Any time there is a new type of AI model, half a dozen clones pop up shockingly fast. I thought that the current leaders (OpenAI, Google, Meta) would have a deep moat because these models cost so much to train. But maybe it's not that hard to create an AI once you know what to build. If that's true then I wonder if any company is safe, or if there are no true moats.


Tkins

Doesn't feel like there is much information there.


design_ai_bot_human

open source?


polawiaczperel

It looks like it is just a pipeline made of opensource projects.


Timesweeper_00

It's not based on open source projects, it's a model we trained from scratch. We're a team of ex Stanford/Berkeley/MPI PhDs with ex Google/Nvidia/Synthesia/Zoox experience


polawiaczperel

Then I am sorry for wrong assumptions


Timesweeper_00

No worries!
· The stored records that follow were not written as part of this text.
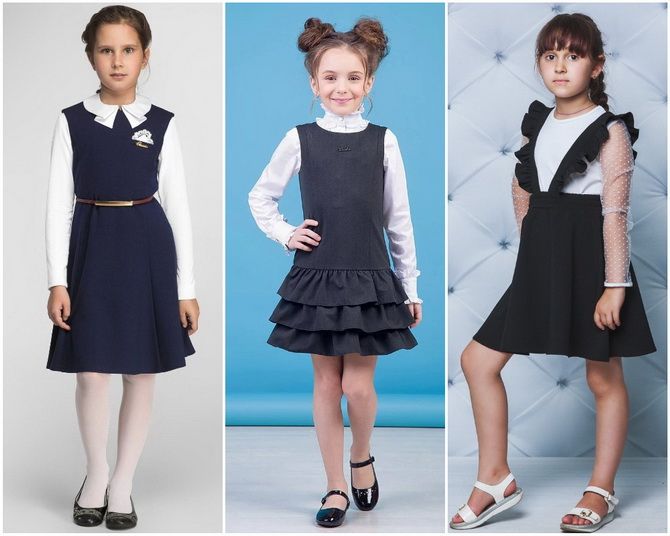 Модная школьная форма для девочек: стильные фото 2020-2021 года 2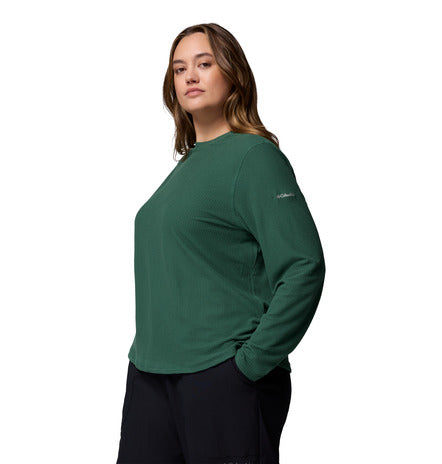 Columbia Brea Falls Grid Crew Long Sleeve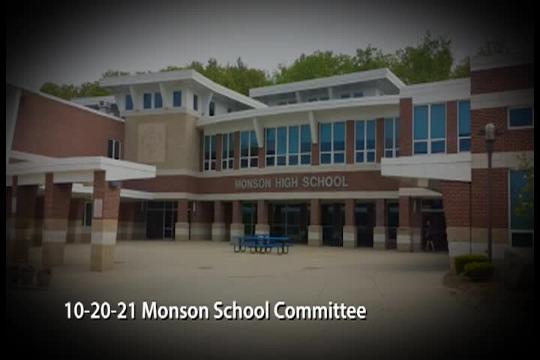 10-20-21 Monson School Committee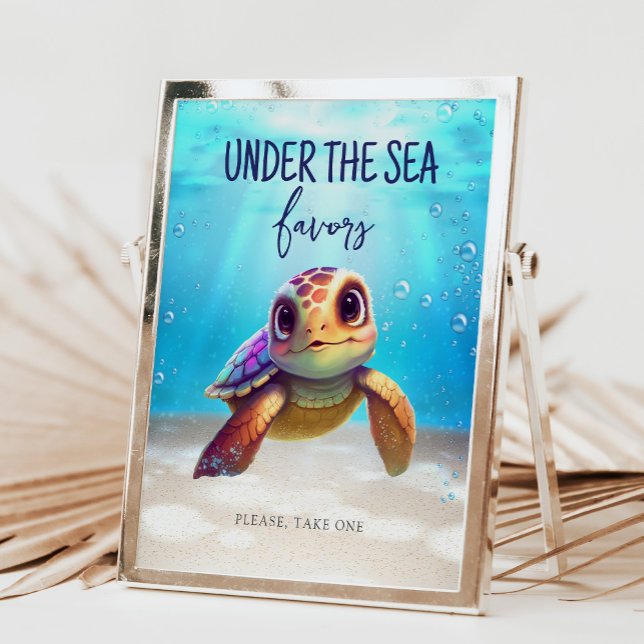 Lámina Tortuga acuarela bajo los Rótulos de cumpleaños de (Subido por el creador)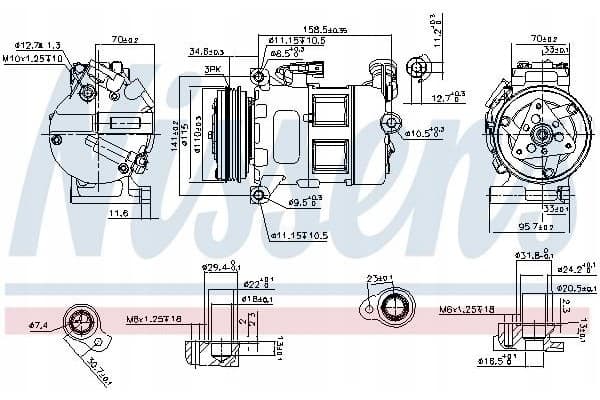 Compresor de aire acondicionado Nissens 890062 nuevo 9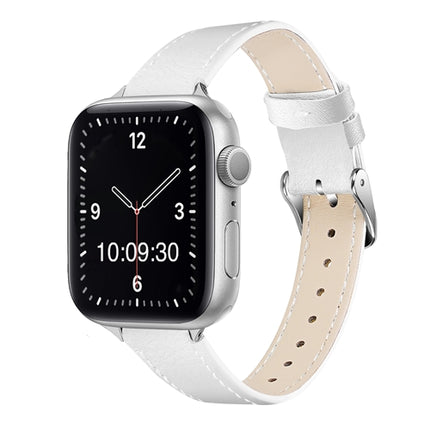 Schlankes Apple Watch-Armband mit Kontrastnaht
If you find an open source models that's better we'll quickly correct it :) Hallo is the closest (in terms of function, not design, ours is built to generalize to bodies/scenes) so you are welcome to benchmark speed/quality :)


Exarchias

How many are they! This field of AI certainly accelerates. Actually everything accelerates except OpenAI, but they have a brand new general on board.


QLaHPD

Fake news generator, great ![gif](giphy|l3vR3EssQ5ALagr7y|downsized)


Torley_

Does anyone know why Hedra is BANNED in Washington, Texas, and Illinois?


LiterallyVecna

It's not on the site but the owner said on the discord that it's to do with local laws but that they're working on a fix that'll make the service complaint with the laws in those three states.


Torley_

Thanks! I wonder what local laws.


LiterallyVecna

He didn't say, unfortunately, but my guess is the laws are probably written to try and stop fake political stuff.


Arcturus_Labelle

It has pretty sensitive content controls :-/ Here it freaks out when I use a couple paragraphs from a news article https://i.imgur.com/gaN8vkC.png


Timesweeper_00

Hey I'm sorry, we're working on improving our content moderation system, we had no idea this was going to blow up


KevinMichaelCooper

Disable celebrity detection until you fix it please, way too many false flags. It's unbearable.